The report from the Canadian Centre for Policy Alternatives and the Ottawa-based Rideau Institute argues that the proposed Close Combat Vehicle (CCV) is based on outdated Cold War tank doctrine and that its purchase would duplicate a capability the army already possesses in other armoured vehicles.
The report’s authors, academic and former federal NDP candidate Michael Byers and researcher Stewart Webb, argue that the CCV procurement is redundant – because 550 of Canada’s LAV IIIs are currently undergoing comprehensive upgrades that will improve their survivability and manoeuvrability while extending their lifespan to 2035. The upgraded LAV IIIs are nearly as heavily armed and armoured as the proposed CCVs, they say.
“By spending $2 billion on vehicles the Canadian Army neither wants nor needs, the Harper government is abdicating its responsibility to equip and train our soldiers properly, and to provide fiscal accountability,” Byers said in a statement.
The army also seems no longer keen on the CCV.
In May the Citizen reported that the Canadian Army tried to cancel the CCV purchase, and use the $2 billion instead to offset budget cuts that are hurting its combat readiness.

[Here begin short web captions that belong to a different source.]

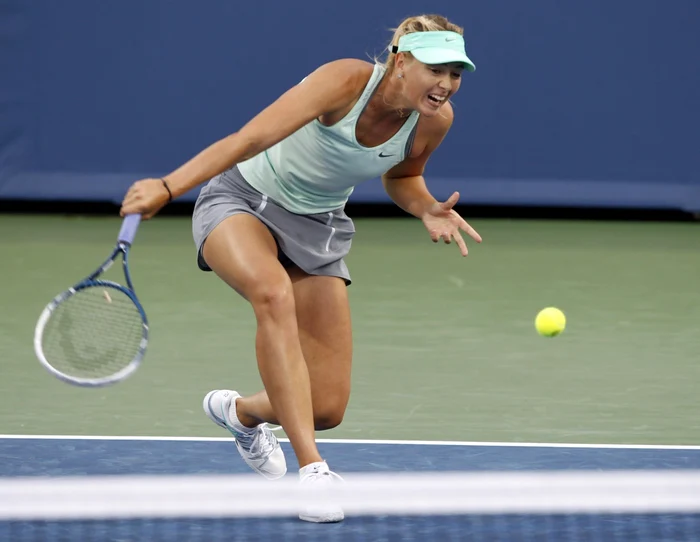 Maria Şarapova, una dintre cele mai bune jucătoare de tenis din lume FOTO Reuters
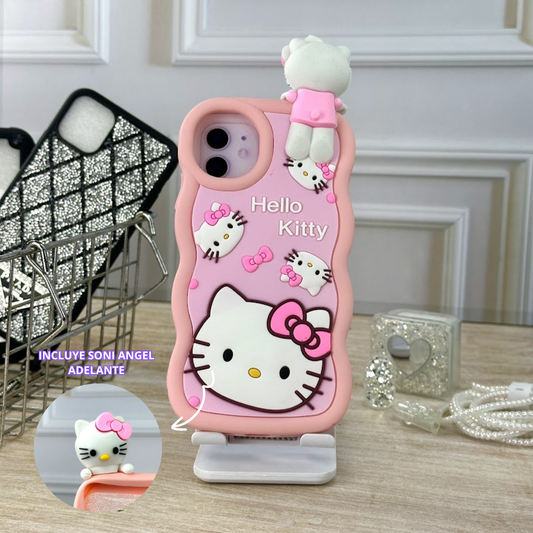 Hello Kitty y Sonny Angels IPH 11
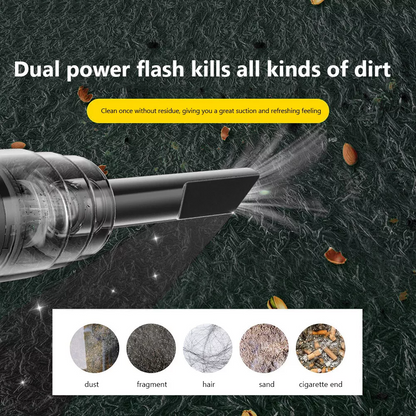 120W Cordless Handheld Vacuum Cleaner Small Mini Portable Car Auto Home Wireless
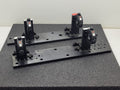 25mm Fiber Fibre Laser Focusing Lenses Optical Mounts 2 axis adjustable 1064nm ?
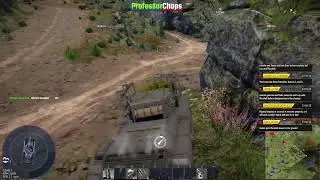 War Thunder Live Stream | Step Tank I'm Stuck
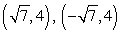 <strong>Find the points of intersection of the two curves. Give exact values for the points. </strong> A) B) C) D)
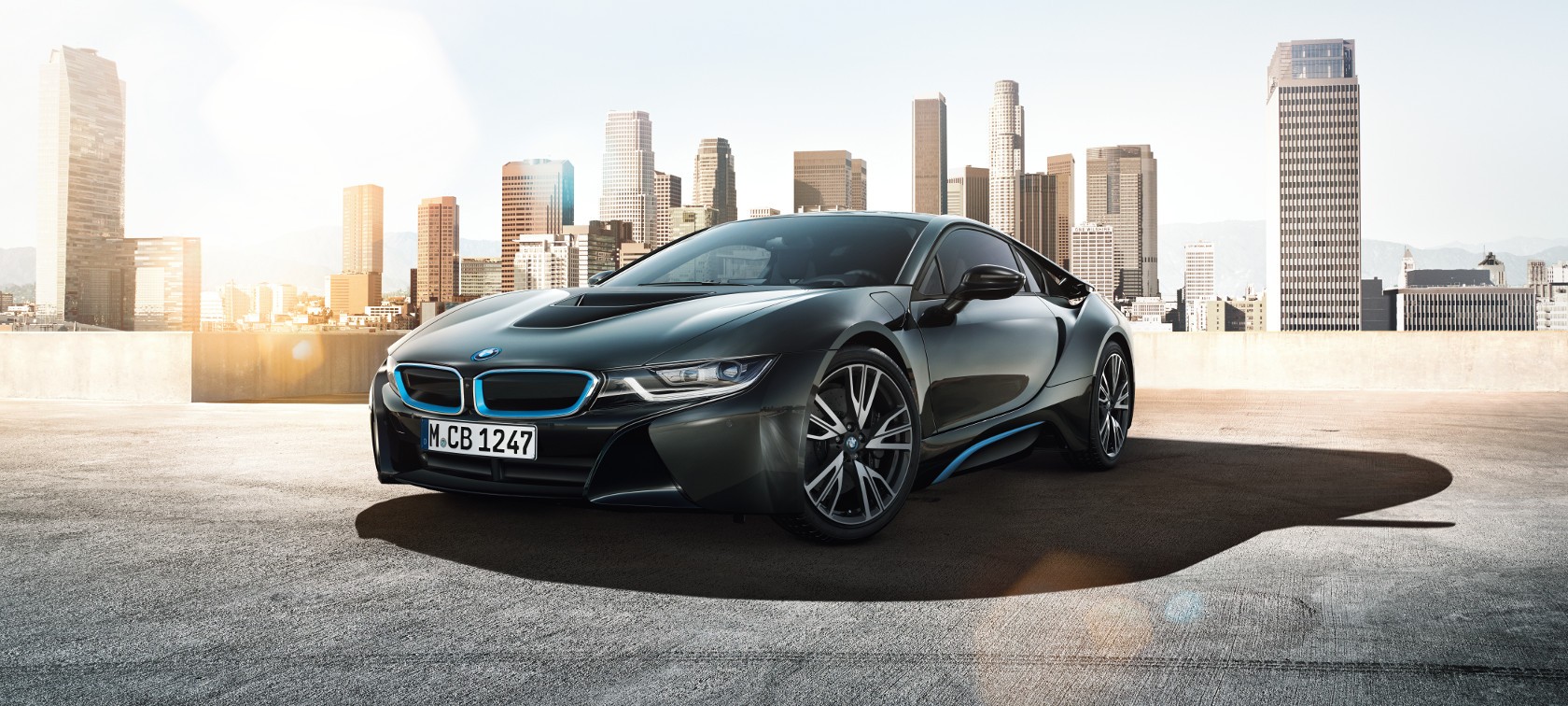 BMW i Serisi i8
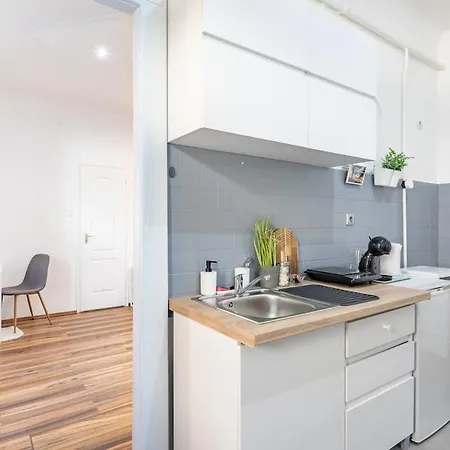 Apartment Modern & Functional Comfort With Ac By Nw Budapest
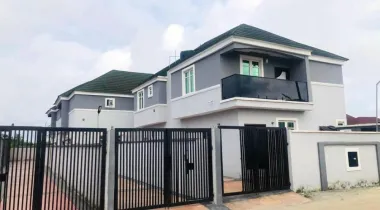 Newly built 4 - bedroom detached duplex for sale.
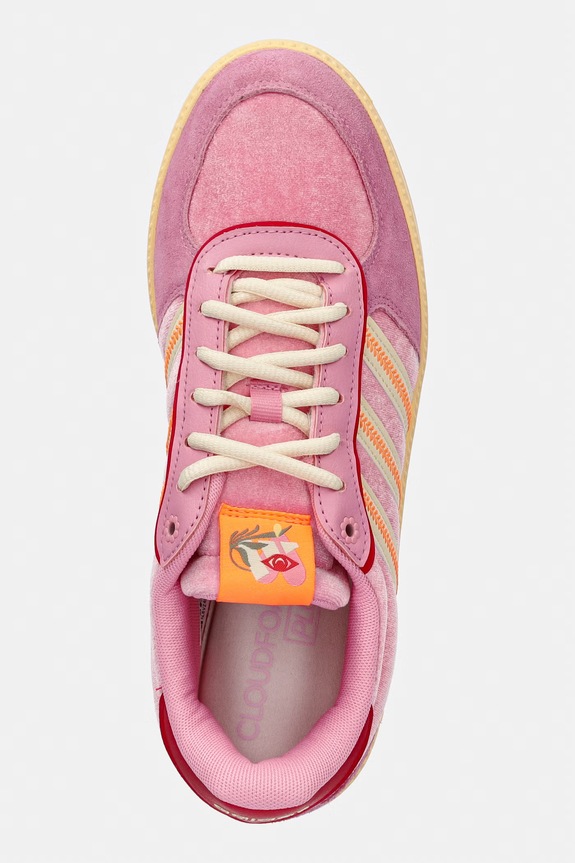 adidas sneakersy Breaknet Sleek różowy KJ8669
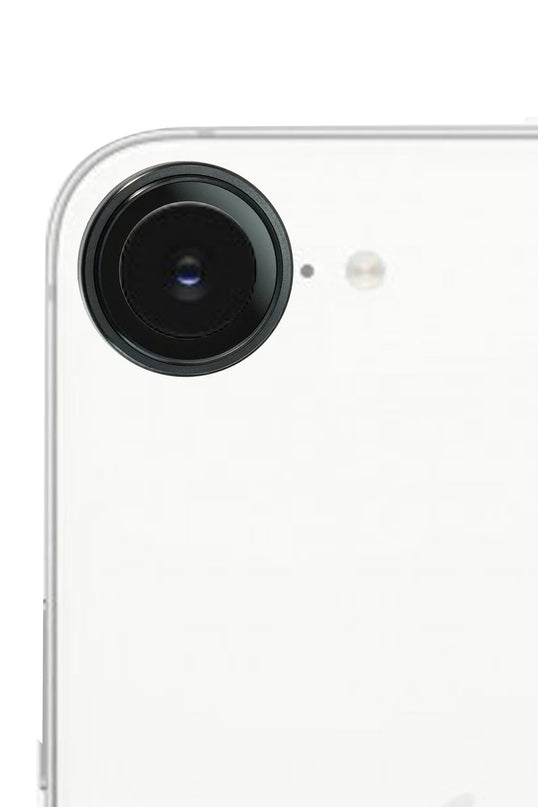 iPhone 17E Titanium Alloy AR Kamera Lens Koruyucu - Siyah 2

The army is bearing the brunt of government cost-cutting in the Canadian Forces and will see its budget drop from $1.5 billion to just under $1.2 billion by 2015.
But the Conservative government decided against scuttling the CCV project, worried that the cancelation would give it yet another military procurement black-eye.
Byers and Webb argue that there is more than enough funding for the military but the government has been spending the money unwisely on equipment such as the CCV.
“The impact of this mistaken approach is compounded when the billions of dollars being spent on outmoded and therefore not particularly useful equipment result in deep cutbacks to training for today’s complex counterinsurgency missions,” they write in the report.
The CCV, announced with great fanfare by the Conservatives in the summer of 2009, has already fallen two years behind schedule, according to industry officials.
The government will buy 108 of the Close Combat Vehicles. There would be an option for the purchase of up to 30 additional vehicles. The army originally argued that the vehicles, which would accompany its Leopard tanks into battle, are a priority for future missions.
Industry representatives have been told that a winning bidder has been identified. That winning company will be announced when it suits the Conservative government’s public relations plan.